Consumer spending will grow at a historically average rate during 2016. However, averages can be misleading, with the composition of spending changing significantly over the year ahead.
Low dairy prices, rising unemployment, and weak wage growth are expected to see customers tighten their belts during 2016 with individual consumers unwilling to spend in the face of job insecurity and limited income growth.
However, even though it might be tough to upsell to individuals, the number of consumers will be rising strongly. A large inflow of students and workers are moving to New Zealand, while tourist arrivals will continue to surge upwards.
Retailers will rely on new customers in 2016.
Durable goods retailers are especially vulnerable from a slowdown in the housing market, with households unwilling to borrow as the labour market weakens. The associated drop in spending will be especially acute in areas where migrants aren’t heading and where farmers are major spenders – namely the provinces.
The falling dollar will be a mixed blessing for retailers. Although it will make domestic retailers more competitive with overseas online retailing, it will also push up the cost of products at a time when households will be especially sensitive to higher prices – making it difficult to pass on rising costs.

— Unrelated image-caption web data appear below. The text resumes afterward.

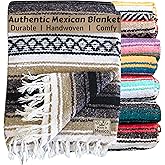 Del Mex Classic Mexican Blanket, Large Authentic Woven Falsa Throw (70"x50"), Artisan Southwest Décor for Beach, Yoga, Outdoors (Tan)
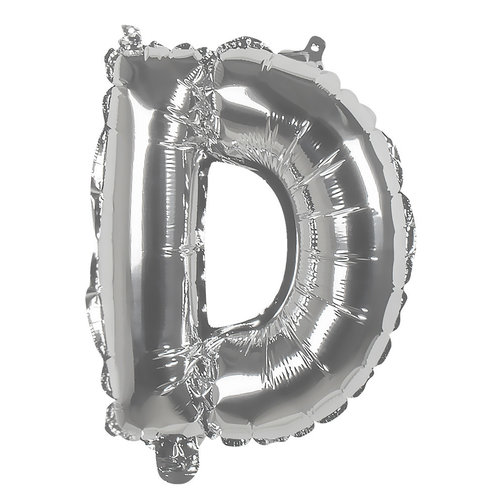Folieballon D zilver - lucht gevuld - 36 cm 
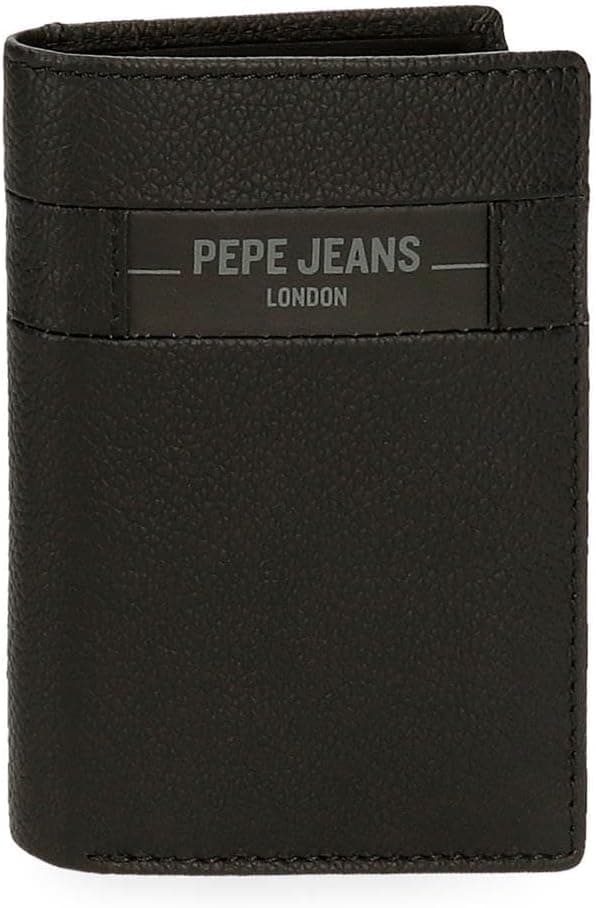 Pepe Jeans Checkbox Carteiras e carteiras de couro de bovino, preto, castanho, azul e cinzento, Preto,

Retail in New Zealand is continuing to grow and we expect retail spending will continue to increase during 2016, but the market’s very competitive, domestically and internationally, and some retailers, particularly in the sporting, bikes and book sectors will continue to be squeezed by competition from offshore retailers.
The relative decline in the value of the New Zealand dollar will put further pressure on margins and will see some retailers begin to move prices in the New Year. Overall though, the economy continues to bubble along and consumers will continue to spend.
Overseas, we are seeing online shopping continue to grow and I expect that trend to continue in New Zealand as well, with click and collect services becoming increasingly sought after by customers. We’ll also see retailers strive to gain customers by continuing to become “destinations” rather than just places to buy goods. We might also see greater customisation of products, especially in the fashion sector, and possibly the introduction of new technologies, including biometrics in retail environments.
I’m also expecting more international brands to arrive in New Zealand, reflecting the increasingly global nature of the retail sector.
Key tips for 2016: keep abreast of what’s happening globally, keep building online and mobile channels and watch out for new entrants to the market.
New Zealand retailers enjoyed strong growth in spending through the latter part of 2015.But as we go into 2016, the economy is facing some significant headwinds.
Consumer confidence has fallen to low levels. In addition, there’s the looming risk of drought which could result in a dramatic hit to incomes in rural regions, with flow on effects for spending more generally.
But while the economy may be facing challenges, there’s still reason to expect that spending will hold up. The potent cocktail of strong house prices, low inflation and low interest rates will provide a significant boost to households’ spending power. And that’s coming on top of strong population growth.